His has been a leadership that has shown both sensitivity and courage. He has not been afraid to follow a different path. We have seen that these choices have proven popular, but we didn’t know that at the outset. We did what we thought was right. Consistent, measured, cautious, evidence-led policy, with an emphasis on compassion - all our choices were informed by careful discussions about the impacts on equality and social justice.
And that approach has earned him trust. I was asked less than 10 minutes after I’d received my own astonishing result in May what people on the doorstep had said about him. And I answered honestly, ‘he may not be flashy, but thank God for him’.
That integrity has strengthened devolution. It has illustrated what S.O Davies said on the Eisteddfod stage in Ystradgynlais in 1954, “I am an uncompromising socialist, but socialism can never materialise in Wales unless we can be free to apply its principles to our own way of life”.
Mark Drakeford is socialist to his core. And a Welshman too. Two sides of the same coin. Country and cause co-existing. And do you know what, it's popular.
The pat on the back is one thing but Kier Starmer and the Parliamentary Party would do well to study the approach.
As would Welsh Labour. And this brings me to the central topic of the lecture, how does Welsh Labour renew from within.
Next year marks the centenary of Labour being the dominant Party in Wales. In the General Election of November 1922 the Labour Party took a majority of seats in Wales for the first time. When we reach the centenary of that event, Labour will have been the dominant Party in Wales for 100 years. Not only a unique achievement in any functioning democracy, but in my view a moment of vulnerability too.
You can predict now what the commentators and the critics will say. I doubt opposition parties will reflect on their own failure to persuade people in Wales for a full Century that they offer a better path, they are far more likely to suggest our own achievement is in fact some kind of failure.

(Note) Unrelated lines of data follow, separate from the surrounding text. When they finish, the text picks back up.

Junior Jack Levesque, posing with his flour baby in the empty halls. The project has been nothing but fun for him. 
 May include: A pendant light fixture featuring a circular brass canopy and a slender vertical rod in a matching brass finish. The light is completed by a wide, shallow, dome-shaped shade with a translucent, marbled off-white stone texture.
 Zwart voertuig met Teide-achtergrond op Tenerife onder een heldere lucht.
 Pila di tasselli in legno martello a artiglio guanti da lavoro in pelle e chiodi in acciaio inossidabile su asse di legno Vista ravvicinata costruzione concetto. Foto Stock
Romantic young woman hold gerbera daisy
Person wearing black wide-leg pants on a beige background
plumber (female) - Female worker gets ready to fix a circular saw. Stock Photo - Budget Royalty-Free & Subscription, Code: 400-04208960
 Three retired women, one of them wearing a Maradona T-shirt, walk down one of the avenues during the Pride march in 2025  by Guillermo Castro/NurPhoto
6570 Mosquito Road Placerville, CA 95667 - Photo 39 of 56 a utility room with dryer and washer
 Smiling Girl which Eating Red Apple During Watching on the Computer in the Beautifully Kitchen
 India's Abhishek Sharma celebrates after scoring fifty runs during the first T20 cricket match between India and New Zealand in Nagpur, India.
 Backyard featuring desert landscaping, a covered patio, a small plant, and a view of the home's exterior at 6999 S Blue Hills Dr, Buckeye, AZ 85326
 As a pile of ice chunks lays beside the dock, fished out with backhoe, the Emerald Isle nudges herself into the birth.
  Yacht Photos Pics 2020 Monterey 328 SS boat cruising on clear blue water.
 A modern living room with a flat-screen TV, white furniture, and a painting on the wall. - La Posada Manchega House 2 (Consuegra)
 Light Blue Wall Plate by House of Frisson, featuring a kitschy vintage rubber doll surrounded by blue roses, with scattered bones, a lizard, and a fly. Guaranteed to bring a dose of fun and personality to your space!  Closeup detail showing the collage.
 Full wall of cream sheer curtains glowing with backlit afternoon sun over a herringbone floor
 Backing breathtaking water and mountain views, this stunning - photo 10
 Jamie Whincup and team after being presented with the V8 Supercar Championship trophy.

To give a strong rejoinder to that we need a lively debate within our party to show we still have the energy and ideas to earn the continued confidence of the Welsh people. Mark Drakeford has given us all fair warning that he’ll be standing down somewhere around the mid-point of the Senedd term. So there’s no excuse for when we reach that point to not have underway by then a flourishing debate about the future of socialism in Wales and our party’s role in delivering it.
The bit that doesn’t get quoted so much from my post-election TV interview is the bit where I said we need to renew from within ‘with gusto’. So let me offer some brief thoughts of my own to contribute to that wider debate we need to see.
As we approach the 25th anniversary of the 1997 devolution referendum we ought to reflect on the successes of the devolution project to date, but also ought to fairly recognise that it's only been 25 years. 100 years of economic decline was never going to be reversed in a quarter of that time with the powers available.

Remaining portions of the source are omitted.